The 2024 Distinguished Education Lecture by Russell Ledet, MD, PhD

Last year, I wanted to present this Distinguished Education Lecture by Dr. Russell Ledet, MD, PhD, given during Martin Luther King Jr. Celebration of Human Rights week. It took a while for my message to the University of Iowa to get through channels, but I want to thank Audra M. King, the Administrative Services Coordinator for the Office of Student Affairs and Curriculum in the University of Iowa Carver College of Medicine for her help in getting it into a YouTube format that allows the general public to see and hear Dr. Ledet’s presentation.

I wrote a post in February last year about how impressed I am with Dr. Ledet as a leader. Now you can hear him tell his own inspirational story.

Bootless II: Dr. Russell Ledet’s Story

Recall that I had been checking to see if the Distinguished Education Lecture given by Dr. Russell Ledet, MD, PhD on January 17, 2024 during the MLK Celebration of Human Rights would be available for the general public. While somebody may be working on that, I managed to find Dr. Ledet’s YouTube, entitled “Bootless II.” I think it’s a great distillation of his major theme.

Thoughts on the Distinguished Education Lecture by Dr. Russell Ledet MD PhD

We enjoyed the Dr. Martin Luther King, Jr. Distinguished Education (originally given on January 17, 2023) by Dr. Russell Ledet. He’s definitely a mover and a shaker and this is another recorded presentation that I wish was available for the general public.

His bio is knockdown impressive. And even more interesting to me is that he’s presently in residency toward boarding in adult psychiatry and child psychiatry as well as pediatrics.
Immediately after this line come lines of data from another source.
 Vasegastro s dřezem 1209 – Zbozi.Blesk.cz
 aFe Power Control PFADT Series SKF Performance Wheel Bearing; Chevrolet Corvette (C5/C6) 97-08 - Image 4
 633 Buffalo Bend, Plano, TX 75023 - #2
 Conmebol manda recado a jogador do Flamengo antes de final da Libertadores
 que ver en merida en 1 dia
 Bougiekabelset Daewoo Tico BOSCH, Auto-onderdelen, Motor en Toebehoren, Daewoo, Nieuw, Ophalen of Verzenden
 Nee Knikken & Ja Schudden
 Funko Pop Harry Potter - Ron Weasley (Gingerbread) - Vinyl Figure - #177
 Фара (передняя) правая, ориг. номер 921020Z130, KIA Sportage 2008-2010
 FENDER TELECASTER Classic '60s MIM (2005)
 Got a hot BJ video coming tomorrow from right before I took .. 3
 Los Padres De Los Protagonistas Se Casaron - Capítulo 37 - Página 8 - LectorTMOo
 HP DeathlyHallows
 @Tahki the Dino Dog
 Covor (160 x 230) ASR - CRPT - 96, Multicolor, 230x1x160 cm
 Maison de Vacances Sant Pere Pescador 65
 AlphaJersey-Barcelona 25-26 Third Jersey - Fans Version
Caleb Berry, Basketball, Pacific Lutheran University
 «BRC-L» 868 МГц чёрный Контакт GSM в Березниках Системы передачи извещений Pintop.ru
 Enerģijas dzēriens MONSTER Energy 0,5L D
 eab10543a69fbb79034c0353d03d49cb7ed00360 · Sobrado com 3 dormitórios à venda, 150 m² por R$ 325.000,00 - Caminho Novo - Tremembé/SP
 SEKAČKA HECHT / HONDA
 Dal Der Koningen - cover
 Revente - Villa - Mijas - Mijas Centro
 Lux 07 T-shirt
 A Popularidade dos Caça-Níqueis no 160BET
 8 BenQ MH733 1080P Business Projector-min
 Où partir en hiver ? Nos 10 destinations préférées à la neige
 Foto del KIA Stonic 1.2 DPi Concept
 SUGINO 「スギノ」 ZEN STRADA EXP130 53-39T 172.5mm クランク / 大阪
That’s right—triple boarding.

His talk was a fascinating oral autobiography from his upbringing in poverty to his military career, to his undergraduate and graduate college career, and his achievement in organizing a very successful nonprofit, The 15 White Coats. This helps get underrepresented minority students into medicine by giving them inspiration and financial support.

His life story by itself is inspiring. It’s also exhausting. The person introducing him wondered aloud if he ever slept!

He began with a well-known quote by Dr. Martin Luther King, Jr:

“It’s all right to tell a man to lift himself by his own bootstraps, but it is a cruel jest to say to a bootless man that he ought to lift himself by his own bootstraps.”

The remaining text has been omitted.